Leave out the pictures and repeat exactly the lines from the one containing "Détails avant et" through the end of the records.

• • •

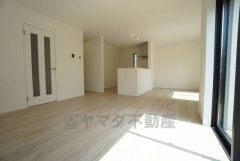 家族が集まる開放的なリビング。思い思いの時間を過ごしたり、家族みんなで食事をしたり、素敵な団らんの場になりますね。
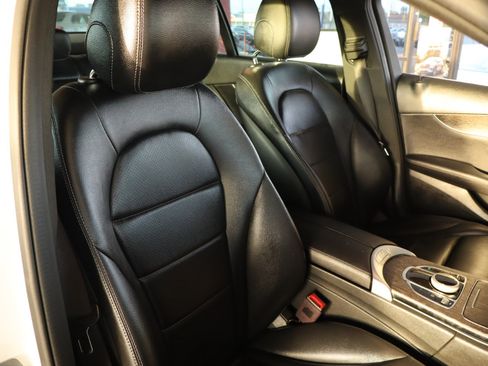 Used 2019 Mercedes-Benz C 300 4MATIC Sedan image 48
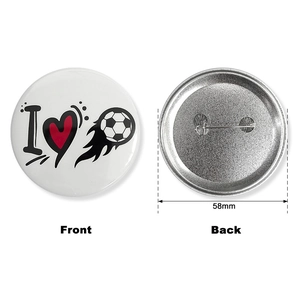 Détails avant et arrière du badge de football de 58 mm avec épingle de sûreté sur blanc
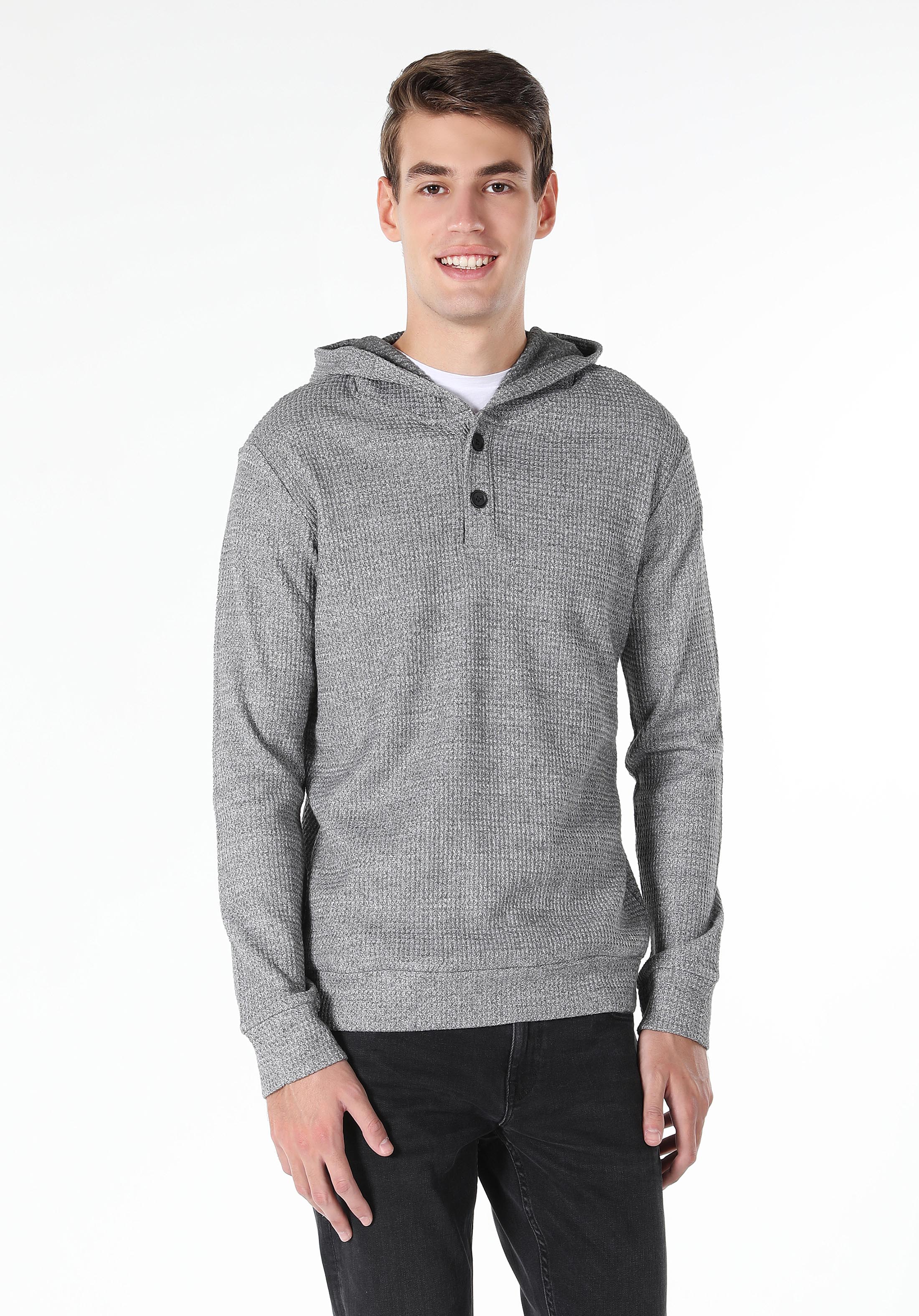 Regular Fit Kapüşonlu Jakarlı Erkek Gri Uzun Kol Tişört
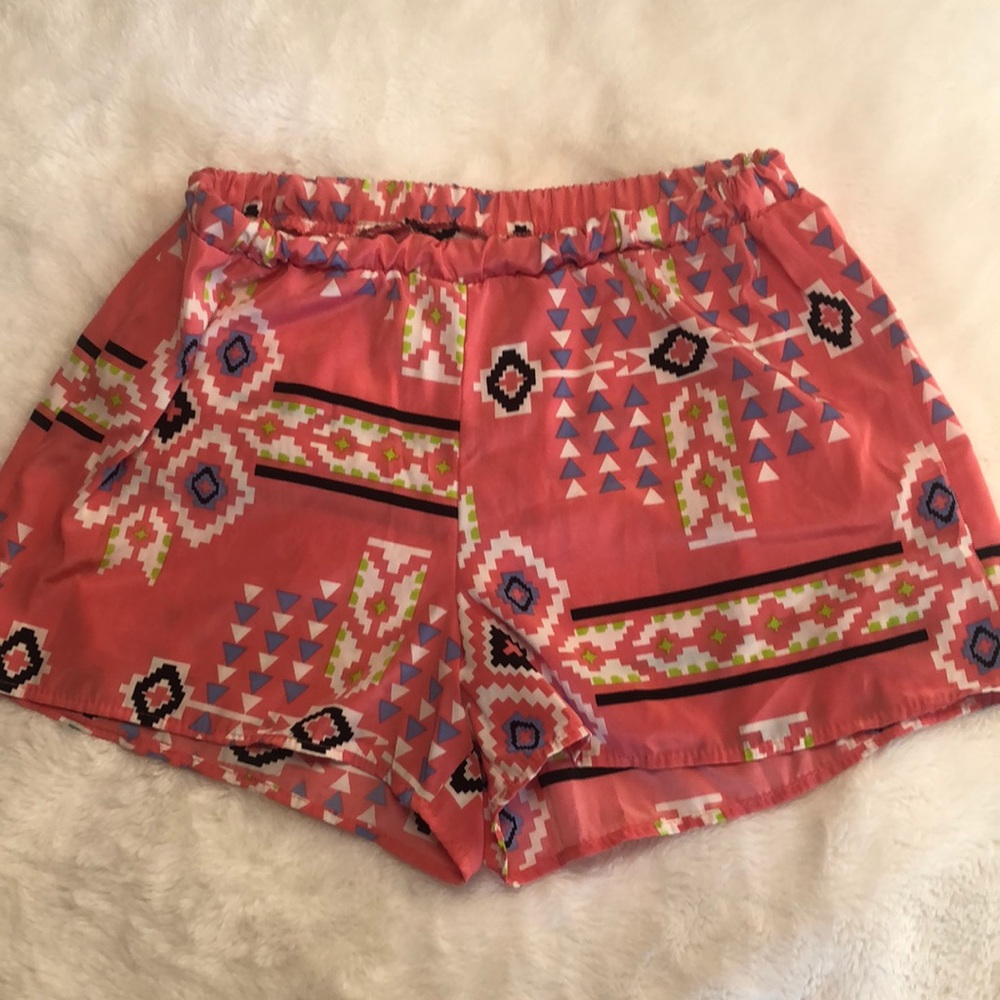 Women’s pink stretch shorts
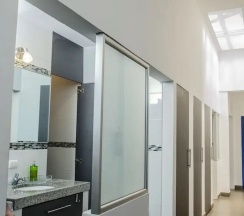 Кровать в общем номере в Tomo Hostel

• • •

— Answer —
 Détails avant et arrière du badge de football de 58 mm avec épingle de sûreté sur blanc
 Regular Fit Kapüşonlu Jakarlı Erkek Gri Uzun Kol Tişört
 Women’s pink stretch shorts
 Кровать в общем номере в Tomo Hostel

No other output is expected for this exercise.